No conocemos aún cual será la redacción final de la ley y si acaba o no con el outsourcing y los falsos contratos de honorarios, o los deja para después. Pero basta lo esencial de las demandas norteamericanas para que aquí ocurran cambios fundamentales que abrirán escapes a la gran olla de presión donde durante décadas se han acumulado demandas reprimidas.
Y la exigencia de los demócratas no se limita al cambio legal. Sabedores ellos como nosotros, que con frecuencia el cambio legal es mero formulismo e hipocresía, esta vez exigen asegurarse que los cambios se instrumentarán adecuadamente y que a final de cuentas se conseguirá lo que quieren: disminuir la brecha salarial entre los trabajadores mexicanos y los norteamericanos.

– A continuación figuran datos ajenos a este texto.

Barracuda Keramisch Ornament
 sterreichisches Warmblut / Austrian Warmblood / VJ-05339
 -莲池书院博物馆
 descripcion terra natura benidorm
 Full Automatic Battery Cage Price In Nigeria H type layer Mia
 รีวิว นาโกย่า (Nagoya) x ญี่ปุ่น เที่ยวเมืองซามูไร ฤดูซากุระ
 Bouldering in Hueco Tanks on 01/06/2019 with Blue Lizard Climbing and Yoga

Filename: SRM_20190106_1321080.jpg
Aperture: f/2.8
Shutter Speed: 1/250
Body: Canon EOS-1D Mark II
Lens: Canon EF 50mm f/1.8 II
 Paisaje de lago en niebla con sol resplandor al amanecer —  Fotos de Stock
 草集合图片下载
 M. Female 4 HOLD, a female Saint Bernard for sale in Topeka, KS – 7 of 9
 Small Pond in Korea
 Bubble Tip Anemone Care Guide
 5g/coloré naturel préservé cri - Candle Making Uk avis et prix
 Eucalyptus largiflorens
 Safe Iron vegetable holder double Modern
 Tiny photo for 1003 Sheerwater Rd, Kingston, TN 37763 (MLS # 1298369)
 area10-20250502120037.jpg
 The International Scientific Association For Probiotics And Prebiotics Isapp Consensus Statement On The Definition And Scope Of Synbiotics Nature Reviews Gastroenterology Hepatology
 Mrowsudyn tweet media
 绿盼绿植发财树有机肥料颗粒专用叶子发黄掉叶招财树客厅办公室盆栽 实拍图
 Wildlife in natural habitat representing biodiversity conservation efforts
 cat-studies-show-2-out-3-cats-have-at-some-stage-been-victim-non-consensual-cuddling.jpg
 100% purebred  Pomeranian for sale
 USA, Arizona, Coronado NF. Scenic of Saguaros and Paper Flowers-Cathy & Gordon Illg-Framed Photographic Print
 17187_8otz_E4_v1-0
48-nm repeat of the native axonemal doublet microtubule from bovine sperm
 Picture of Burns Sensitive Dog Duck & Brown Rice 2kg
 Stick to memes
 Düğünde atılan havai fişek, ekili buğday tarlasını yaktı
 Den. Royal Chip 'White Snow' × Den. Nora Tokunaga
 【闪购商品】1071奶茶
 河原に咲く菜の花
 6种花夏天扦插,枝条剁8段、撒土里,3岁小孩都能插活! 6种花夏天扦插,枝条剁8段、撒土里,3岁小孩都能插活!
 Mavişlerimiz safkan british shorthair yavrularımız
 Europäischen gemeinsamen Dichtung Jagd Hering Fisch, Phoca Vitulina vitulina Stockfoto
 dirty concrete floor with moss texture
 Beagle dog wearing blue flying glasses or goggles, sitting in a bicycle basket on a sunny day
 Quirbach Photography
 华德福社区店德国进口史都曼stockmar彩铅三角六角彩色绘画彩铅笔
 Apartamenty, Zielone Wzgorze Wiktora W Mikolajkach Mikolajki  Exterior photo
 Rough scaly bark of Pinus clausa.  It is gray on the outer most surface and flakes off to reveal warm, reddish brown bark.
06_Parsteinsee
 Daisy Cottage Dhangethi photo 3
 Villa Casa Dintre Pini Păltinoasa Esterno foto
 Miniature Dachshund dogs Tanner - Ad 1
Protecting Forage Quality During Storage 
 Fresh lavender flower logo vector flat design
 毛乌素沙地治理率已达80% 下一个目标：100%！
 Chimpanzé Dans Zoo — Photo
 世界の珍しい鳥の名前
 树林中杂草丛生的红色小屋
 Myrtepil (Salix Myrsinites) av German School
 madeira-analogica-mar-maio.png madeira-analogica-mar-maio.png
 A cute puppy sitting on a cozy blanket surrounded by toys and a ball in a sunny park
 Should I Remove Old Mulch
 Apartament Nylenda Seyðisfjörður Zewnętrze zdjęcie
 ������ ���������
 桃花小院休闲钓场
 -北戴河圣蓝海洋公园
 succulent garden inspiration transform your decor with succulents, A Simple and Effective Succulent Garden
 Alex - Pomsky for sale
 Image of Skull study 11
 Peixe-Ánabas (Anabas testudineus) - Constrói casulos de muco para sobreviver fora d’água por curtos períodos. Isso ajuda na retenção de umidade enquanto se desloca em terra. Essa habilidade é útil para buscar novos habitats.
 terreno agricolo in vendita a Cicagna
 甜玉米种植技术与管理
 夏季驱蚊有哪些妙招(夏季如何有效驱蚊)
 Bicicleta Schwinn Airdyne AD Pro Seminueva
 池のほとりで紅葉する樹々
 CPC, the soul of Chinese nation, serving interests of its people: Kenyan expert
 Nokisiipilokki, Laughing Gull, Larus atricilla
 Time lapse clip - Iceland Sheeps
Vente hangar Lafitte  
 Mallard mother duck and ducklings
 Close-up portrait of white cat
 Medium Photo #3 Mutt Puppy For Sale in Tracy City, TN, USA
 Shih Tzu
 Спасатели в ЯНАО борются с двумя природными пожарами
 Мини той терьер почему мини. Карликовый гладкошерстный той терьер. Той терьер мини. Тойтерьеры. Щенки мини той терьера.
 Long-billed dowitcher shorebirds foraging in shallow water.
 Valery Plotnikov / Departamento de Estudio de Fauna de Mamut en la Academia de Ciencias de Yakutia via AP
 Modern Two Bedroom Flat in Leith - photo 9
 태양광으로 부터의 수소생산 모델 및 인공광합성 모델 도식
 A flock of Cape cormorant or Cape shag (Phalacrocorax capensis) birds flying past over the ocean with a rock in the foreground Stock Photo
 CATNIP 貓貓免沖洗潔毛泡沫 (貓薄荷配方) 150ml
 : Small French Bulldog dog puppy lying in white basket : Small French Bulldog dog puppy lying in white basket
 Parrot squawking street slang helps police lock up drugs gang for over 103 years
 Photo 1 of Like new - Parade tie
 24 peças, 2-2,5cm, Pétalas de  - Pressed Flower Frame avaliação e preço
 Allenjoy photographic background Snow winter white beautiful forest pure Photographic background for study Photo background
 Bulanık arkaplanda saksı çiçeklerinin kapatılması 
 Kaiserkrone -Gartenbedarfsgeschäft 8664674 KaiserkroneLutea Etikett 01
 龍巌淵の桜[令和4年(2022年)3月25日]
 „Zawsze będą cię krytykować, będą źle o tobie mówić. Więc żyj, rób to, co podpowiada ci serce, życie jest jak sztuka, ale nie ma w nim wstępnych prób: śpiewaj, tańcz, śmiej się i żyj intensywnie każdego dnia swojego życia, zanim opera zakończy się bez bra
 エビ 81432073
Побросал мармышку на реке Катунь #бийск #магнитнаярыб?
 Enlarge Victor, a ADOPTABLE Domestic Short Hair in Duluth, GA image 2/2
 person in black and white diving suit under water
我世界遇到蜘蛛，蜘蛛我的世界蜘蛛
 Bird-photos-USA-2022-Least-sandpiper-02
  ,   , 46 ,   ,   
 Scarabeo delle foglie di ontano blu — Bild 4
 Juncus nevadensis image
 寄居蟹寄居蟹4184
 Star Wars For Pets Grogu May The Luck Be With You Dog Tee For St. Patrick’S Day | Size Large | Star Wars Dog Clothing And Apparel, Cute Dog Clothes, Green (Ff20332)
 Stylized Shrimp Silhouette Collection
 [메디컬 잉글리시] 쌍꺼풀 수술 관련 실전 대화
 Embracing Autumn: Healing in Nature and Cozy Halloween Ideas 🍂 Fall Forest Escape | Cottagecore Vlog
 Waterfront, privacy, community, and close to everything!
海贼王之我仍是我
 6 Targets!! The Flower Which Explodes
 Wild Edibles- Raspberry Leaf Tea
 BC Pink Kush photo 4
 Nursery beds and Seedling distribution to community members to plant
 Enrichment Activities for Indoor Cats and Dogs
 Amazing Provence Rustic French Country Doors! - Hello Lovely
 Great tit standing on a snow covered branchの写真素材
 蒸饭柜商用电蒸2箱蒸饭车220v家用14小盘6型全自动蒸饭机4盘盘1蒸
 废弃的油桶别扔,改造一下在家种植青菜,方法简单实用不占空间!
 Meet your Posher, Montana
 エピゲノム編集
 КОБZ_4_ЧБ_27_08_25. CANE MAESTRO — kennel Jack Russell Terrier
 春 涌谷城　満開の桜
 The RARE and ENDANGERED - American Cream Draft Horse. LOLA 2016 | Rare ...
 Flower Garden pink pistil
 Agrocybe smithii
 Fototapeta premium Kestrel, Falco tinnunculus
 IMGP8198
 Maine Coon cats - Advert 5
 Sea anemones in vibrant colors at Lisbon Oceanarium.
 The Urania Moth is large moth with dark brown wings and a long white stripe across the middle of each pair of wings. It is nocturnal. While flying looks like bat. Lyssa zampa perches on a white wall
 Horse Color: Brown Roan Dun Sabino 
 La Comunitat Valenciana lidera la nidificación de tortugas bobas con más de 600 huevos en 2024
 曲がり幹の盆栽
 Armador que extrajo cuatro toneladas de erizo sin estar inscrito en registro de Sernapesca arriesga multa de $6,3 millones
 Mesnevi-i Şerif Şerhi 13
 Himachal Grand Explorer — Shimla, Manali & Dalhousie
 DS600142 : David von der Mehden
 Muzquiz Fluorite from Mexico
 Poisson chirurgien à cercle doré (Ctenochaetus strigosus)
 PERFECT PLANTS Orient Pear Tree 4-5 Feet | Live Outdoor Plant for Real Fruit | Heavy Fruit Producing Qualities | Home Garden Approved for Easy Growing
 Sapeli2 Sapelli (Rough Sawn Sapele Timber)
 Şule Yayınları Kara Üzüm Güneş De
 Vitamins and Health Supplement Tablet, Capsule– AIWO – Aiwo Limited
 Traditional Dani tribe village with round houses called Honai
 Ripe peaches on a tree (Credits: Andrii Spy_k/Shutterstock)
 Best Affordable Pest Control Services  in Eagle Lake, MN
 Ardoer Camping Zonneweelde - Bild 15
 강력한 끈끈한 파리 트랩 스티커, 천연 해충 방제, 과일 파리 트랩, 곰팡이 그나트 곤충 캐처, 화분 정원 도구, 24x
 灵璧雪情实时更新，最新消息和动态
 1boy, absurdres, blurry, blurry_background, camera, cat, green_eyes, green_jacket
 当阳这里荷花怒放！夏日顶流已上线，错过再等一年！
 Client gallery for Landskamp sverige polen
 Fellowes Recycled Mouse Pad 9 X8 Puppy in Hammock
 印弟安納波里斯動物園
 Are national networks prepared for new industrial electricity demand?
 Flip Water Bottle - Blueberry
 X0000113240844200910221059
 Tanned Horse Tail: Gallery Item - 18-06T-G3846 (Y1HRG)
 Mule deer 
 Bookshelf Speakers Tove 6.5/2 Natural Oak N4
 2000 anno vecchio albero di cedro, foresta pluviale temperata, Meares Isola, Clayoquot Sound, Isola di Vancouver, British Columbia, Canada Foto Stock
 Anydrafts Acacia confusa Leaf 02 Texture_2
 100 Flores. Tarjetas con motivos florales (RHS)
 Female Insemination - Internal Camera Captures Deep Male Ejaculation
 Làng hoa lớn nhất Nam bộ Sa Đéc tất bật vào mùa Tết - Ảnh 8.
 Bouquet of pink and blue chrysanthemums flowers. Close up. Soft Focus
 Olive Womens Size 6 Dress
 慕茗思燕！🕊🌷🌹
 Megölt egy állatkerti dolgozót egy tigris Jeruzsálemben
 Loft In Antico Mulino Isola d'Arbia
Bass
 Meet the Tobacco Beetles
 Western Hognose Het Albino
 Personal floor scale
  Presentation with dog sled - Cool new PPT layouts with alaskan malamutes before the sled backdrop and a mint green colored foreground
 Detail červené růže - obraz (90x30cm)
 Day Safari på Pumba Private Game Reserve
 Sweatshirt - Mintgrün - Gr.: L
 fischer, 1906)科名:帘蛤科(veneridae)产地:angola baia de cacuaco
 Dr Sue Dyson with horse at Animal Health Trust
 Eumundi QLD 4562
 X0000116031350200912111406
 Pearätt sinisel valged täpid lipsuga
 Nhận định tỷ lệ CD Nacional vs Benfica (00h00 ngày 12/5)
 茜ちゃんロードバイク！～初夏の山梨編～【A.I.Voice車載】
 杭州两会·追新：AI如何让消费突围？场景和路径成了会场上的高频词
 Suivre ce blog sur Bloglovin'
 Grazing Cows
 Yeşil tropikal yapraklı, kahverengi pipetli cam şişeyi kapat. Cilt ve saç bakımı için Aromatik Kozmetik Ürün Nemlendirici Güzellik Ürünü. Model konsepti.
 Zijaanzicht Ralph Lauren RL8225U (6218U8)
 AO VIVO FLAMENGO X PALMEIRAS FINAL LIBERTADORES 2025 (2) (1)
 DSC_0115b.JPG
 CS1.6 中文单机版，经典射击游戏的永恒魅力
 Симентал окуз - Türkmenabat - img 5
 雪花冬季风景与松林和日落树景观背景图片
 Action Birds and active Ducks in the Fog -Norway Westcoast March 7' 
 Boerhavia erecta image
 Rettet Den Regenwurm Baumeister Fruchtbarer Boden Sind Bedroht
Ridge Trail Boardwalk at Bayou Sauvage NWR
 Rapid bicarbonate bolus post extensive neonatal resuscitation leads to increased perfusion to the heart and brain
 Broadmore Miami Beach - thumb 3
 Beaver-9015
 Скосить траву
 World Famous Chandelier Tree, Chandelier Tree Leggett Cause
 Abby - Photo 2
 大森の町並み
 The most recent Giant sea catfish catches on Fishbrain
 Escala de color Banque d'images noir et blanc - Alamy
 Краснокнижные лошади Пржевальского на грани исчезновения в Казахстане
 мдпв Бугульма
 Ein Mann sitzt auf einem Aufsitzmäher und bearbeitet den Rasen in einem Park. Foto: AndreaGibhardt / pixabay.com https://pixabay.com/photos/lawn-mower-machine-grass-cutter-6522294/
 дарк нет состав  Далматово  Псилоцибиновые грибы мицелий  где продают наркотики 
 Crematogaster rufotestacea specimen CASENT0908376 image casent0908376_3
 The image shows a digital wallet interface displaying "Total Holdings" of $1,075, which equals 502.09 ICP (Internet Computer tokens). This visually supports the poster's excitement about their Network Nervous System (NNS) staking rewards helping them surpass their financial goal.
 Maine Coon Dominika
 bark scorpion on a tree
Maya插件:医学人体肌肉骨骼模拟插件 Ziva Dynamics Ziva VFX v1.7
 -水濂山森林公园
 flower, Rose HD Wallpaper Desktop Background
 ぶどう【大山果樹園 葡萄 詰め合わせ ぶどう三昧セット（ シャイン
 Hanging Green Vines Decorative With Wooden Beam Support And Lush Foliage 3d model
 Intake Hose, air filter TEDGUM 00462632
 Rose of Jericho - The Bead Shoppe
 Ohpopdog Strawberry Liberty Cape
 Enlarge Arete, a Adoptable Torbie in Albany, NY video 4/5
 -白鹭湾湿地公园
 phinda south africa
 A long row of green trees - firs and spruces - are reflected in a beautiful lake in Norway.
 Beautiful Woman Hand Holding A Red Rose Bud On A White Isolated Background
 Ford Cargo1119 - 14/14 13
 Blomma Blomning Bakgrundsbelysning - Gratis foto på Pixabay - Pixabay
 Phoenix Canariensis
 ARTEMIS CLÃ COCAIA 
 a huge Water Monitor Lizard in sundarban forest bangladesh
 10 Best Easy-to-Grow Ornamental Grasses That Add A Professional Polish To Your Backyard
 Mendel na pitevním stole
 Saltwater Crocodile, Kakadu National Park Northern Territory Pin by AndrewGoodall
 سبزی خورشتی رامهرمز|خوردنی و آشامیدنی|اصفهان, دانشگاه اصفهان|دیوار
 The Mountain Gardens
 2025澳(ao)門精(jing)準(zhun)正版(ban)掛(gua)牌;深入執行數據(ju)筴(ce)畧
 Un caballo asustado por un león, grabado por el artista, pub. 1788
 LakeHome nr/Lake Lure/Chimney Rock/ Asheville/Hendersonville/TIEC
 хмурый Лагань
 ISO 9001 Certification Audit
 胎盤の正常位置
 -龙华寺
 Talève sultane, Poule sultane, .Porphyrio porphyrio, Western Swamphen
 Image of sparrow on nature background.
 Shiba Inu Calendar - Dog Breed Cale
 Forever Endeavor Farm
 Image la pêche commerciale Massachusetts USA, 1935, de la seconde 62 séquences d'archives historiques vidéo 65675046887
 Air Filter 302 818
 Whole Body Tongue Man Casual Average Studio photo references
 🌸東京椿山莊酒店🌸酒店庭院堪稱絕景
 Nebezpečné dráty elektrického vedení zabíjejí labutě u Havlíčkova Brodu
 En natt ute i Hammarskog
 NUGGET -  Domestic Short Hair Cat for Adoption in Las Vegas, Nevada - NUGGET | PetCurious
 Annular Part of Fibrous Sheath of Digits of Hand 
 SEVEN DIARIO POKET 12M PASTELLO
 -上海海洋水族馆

Es en el terreno de la efectividad donde se librarán las más fuertes batallas internas. El sector privado mexicano sabe que la reforma laboral es inevitable; acepta el cambio legal para acoplarse a las exigencias de la renovación del tratado comercial, pero al mismo tiempo se opondrá a la sindicalización, a las elevaciones salariales y pondrá el grito en el cielo cuando ocurran huelgas.
La transición será un camino empedrado. No solo habrá tumbos inevitables en el camino de una cultura de auténtica negociación entre empresarios y trabajadores organizados. Abrir la ruta de la mejora salarial entra en contradicción con la estrategia económica de competir en un mundo globalizado sobre la base de pagar salarios de hambre en un mercado interno desprotegido.
Tendremos que revisar el modelo económico en su conjunto empezando por darle peso al Estado como rector de la economía, al diseño de una política industrial consensada con los sectores empresariales y una política social adecuada a la inclusión de todos los mexicanos. Y en las relaciones con el exterior pasar de la competitividad salarial a otra asociada a la protección de nuestra producción interna.